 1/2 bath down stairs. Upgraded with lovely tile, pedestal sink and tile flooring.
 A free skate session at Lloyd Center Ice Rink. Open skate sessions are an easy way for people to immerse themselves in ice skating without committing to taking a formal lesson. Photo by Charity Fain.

_ _ _ _ _ _ _

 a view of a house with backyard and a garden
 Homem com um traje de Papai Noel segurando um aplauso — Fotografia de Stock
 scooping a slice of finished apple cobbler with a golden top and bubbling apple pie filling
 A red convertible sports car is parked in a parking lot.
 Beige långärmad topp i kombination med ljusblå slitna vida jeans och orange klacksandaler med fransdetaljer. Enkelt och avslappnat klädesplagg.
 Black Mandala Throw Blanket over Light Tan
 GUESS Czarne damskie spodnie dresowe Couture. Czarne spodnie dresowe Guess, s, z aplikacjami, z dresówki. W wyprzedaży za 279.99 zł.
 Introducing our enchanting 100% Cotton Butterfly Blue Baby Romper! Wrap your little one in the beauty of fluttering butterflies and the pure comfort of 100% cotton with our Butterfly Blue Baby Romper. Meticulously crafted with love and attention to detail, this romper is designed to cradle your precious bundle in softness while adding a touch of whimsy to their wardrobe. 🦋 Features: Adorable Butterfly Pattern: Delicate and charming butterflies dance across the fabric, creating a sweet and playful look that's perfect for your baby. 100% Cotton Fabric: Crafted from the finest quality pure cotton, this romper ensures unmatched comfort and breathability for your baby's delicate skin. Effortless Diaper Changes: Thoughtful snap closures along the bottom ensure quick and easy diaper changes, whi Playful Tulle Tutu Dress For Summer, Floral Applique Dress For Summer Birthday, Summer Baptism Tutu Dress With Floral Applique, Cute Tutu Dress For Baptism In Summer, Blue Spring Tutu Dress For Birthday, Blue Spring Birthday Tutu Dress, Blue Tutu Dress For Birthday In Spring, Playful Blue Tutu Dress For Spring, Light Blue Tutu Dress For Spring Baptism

_ _ _ _ _ _ _

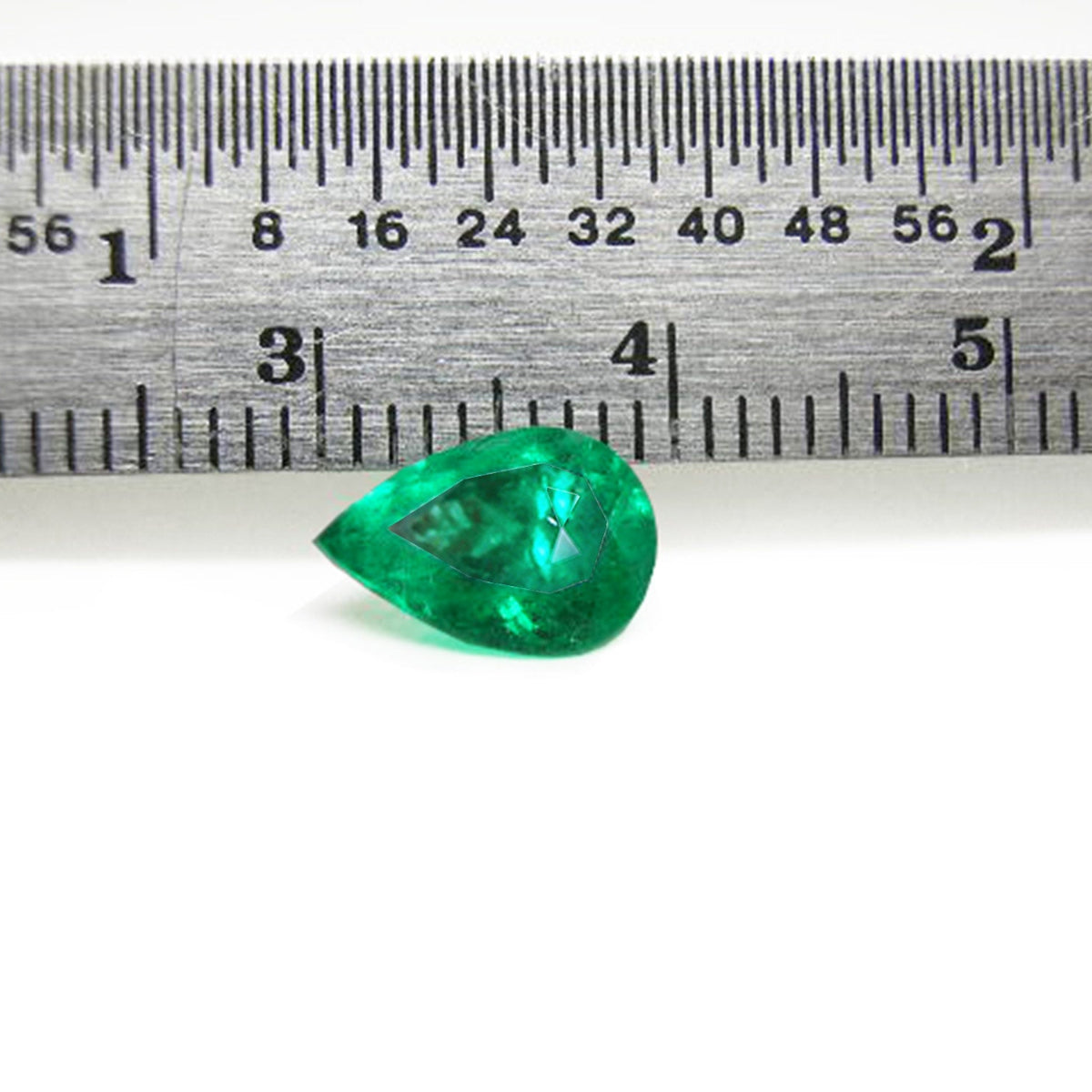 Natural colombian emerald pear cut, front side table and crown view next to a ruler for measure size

_ _ _ _ _ _ _

> _Your instructions_: Among the entries above, the lines between the ones containing "Black Mandala Throw Blanket over Light Tan" and "GUESS Czarne damskie", inclusive, are to be transcribed exactly. No other line is to be given.

> _Task result_:
 Black Mandala Throw Blanket over Light Tan
 GUESS Czarne damskie spodnie dresowe Couture. Czarne spodnie dresowe Guess, s, z aplikacjami, z dresówki. W wyprzedaży za 279.99 zł.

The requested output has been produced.